Dans cette conversation avec Albin au sujet de la base d'Adam, la cloche sonna, et il était temps de s'endormir. Nous nous sommes endormis et nous nous sommes souvenus de ce à quoi j'ai parlé au téléphone avec Adam Basin, qui doit être préparé avec des lectures, divers livres, parce que nous allons avoir besoin du pays et nous devons construire notre pays. Je me suis souvenu d'un cas d'Adam Basca dans son journal “Forum” qu'il a sorti dans les années 90. Là, ils se sont engagés dans des écritures et ont écrit nos différents intellectuels sur divers sujets de résolution de la question du Kosovo avec des concepts différents de ceux représentés au Kosovo par des mouvements démocratiques. Mais il y a eu un procès politique au tribunal de district de Pristina à cette époque, du groupe de Xhavit Haziri, un des dirigeants politiques et anciens prisonniers politiques avec ses amis dans cette cour. J'étais resté avec Xhavit, Bajrushin, Hajredin, Raif Qela, et d'autres dans ce tribunal que la police serbe avait mis sur le quai pour avoir condamné ce groupe.

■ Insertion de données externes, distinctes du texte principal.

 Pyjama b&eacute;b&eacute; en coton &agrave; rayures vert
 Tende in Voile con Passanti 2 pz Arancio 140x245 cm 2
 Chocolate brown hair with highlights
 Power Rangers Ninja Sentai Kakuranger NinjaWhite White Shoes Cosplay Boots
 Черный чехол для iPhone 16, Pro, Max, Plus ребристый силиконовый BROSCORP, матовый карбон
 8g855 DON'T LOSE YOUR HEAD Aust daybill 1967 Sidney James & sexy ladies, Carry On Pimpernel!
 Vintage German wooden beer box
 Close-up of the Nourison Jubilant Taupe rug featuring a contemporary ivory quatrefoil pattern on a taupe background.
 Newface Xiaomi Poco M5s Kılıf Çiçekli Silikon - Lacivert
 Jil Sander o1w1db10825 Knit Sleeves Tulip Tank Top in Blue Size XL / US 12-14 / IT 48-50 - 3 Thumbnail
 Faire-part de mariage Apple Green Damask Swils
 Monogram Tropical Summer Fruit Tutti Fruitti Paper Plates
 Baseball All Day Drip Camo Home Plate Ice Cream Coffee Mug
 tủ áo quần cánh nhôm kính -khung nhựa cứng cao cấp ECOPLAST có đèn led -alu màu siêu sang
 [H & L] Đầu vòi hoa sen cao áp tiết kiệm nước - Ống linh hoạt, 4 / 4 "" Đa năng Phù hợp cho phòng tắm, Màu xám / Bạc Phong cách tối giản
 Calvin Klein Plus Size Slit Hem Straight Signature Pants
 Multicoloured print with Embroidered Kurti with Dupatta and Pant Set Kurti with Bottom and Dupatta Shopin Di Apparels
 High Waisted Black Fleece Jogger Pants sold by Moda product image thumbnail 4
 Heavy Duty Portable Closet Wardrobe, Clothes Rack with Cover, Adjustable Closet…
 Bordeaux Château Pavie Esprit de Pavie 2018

J'ai dû suivre ce procès et j'ai dû entrer au tribunal pour passer le procès. Comme la possibilité était baca Ademi avec son journal “Forumi”. J'ai dû obtenir son accréditation en tant que journaliste et entrer au tribunal pour rendre un jugement. Je suis allé chez Ademi Bassa ce soir et j'ai dit: Je suis venu vous chercher un document que je suis journaliste au journal “Forum” pour rendre un jugement. C'est un jugement important sur le mouvement qui a été informé de la façon dont les choses se passent pendant le procès. Baca Ademi m'a accréditée et je suis devenue journaliste. Le lendemain, le procès commence sous la forme d'un “journaliste Forum” qui présente la porte à la cour. Les flics cherchent nos papiers, et sans hésiter, je lui montre du crédit. Les flics qui voient mon document officiel me laissent entrer avec plus de journalistes.
Bientôt les prisonniers, mes amis que nous avions été en prison plus tôt, sont amenés. Quand on me voit, Xaviti, Bajroushi, “Dini”, Raif, etc., restent sans “text”, ils pensent que je suis arrêté aussi. Après le début du procès, je suis attentivement ce qu'on leur dit et avec un soin particulier pour le mouvement populaire. J'y vois deux courants politiques de deux groupes. Je vois là le Mouvement populaire du Kosovo et le CPK. Le concept de Mouvement, à tout prix, mais aussi de lutte armée pour libérer le Kosovo de l'invasion de la Serbie et d'autres, a déclaré que le peuple doit être préparé et, lorsque les conditions sont créées, il doit être combattu, si nécessaire. Ainsi, se souvenir et se disputer avec la marée lointaine s'endormait.
Le matin, nous nous sommes réveillés après le son de la cloche. Nous faisons nos devoirs le matin, prenons le petit déjeuner et commençons à lire jusqu'à l'heure de la promenade. Nous lisons Froyde et sa psychanalyse, différentes notions de société, dont nous avions appris des parties dans les écoles. Fait intéressant, les pensées de Froedi expliquent les développements sociaux. Analyse intéressante des explications de la société expliquant les rêves et les désirs individuels. Leur ego et leur explosion dans différents concepts.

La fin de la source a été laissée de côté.